Secondly, only members can enter the site - which prevents voyeurs. I particularly like the explanation of membership, that explains, "At RepublicanConnections.com, we only accept paid memberships; because, you get what you pay for, and only liberals expect to get something for nothing."
Well, that little jab should get the conservatives to cough up $20 a month, even though the service doesn't tell you many members they currently have (my guess: just Judson), doesn't let you look at any member profiles, and doesn't explain what you get for your money (except for a chance to submit your profile).
I predict that RepublicanConnections.com will become a very successful business over the next year -- I signed up! The most successful businesses look for needs and fill them; they have done just that. This is capitalism at its finest, and humanitarianism at its most basic level -- the family.
As you might recall, a couple of weeks ago Judson was moaning about having to get up early and drive to his crappy job, where they made him do tiring and/or boring stuff all day in exchange for just enough money to pay the morgage on his crappy house and put gasoline in his crappy car. So, I guess he decided that being an entrepeneur (AND humantiarian) was actually the way to the riches promised by the free market, and he quit the job at Walmart and put together a (crappy) conservative dating service.
For those of you who raised a lone glass in toast to this Valentine’s Day, I wish you well in your search for love.
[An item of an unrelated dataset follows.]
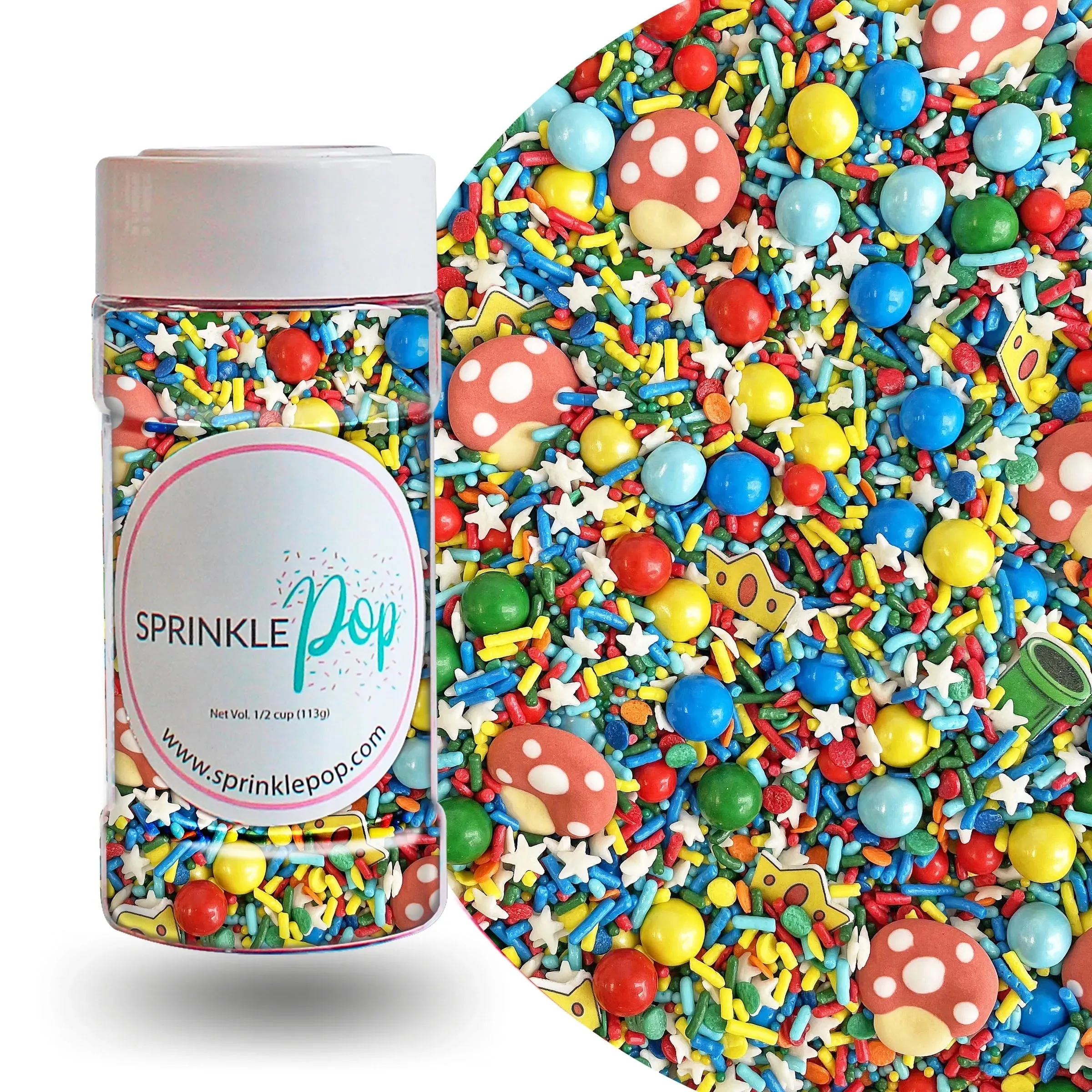 Sprinkle Pop It's Me Sprinkle Mix - Image 8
Let us persevere in our quest so that we may not drink alone next year. The greatest hope for our nation is that it will be comprised of strong families, who will raise conservative children. I, for one, think it’s time to start looking for love in all the RIGHT places.
Thanks for the thought, Judson. And I in turn hope that you make back the $50 you invested in setting up this dating scam, and get at least one date out of it, even if it's with Rush Limbaugh.
*Check out TBOGG's list of titles for Mel's movie. I think my favorite is "Crouching Jesus, Hidden Agenda."
And while you're there, scroll up and check out The Bold and the Beautiful Bush Slogan contest (as suggested by Ben Shapiro). I'm still working on mine, but I'm leaning towards a variation of the slogan Mayor Quimby used in the race against Sideshow Bob. You know the one: "Vote Quimby: If you were running for mayor, he'd vote for you." And of course, that made me think of the analogy Peggy Noonen used in the Wash Post chat (and her last column) to explain why people liked Bush, even though he was an idiot.
So, my slogan idea is: "Vote Bush: If your house was on fire, he'd stand outside and direct traffic."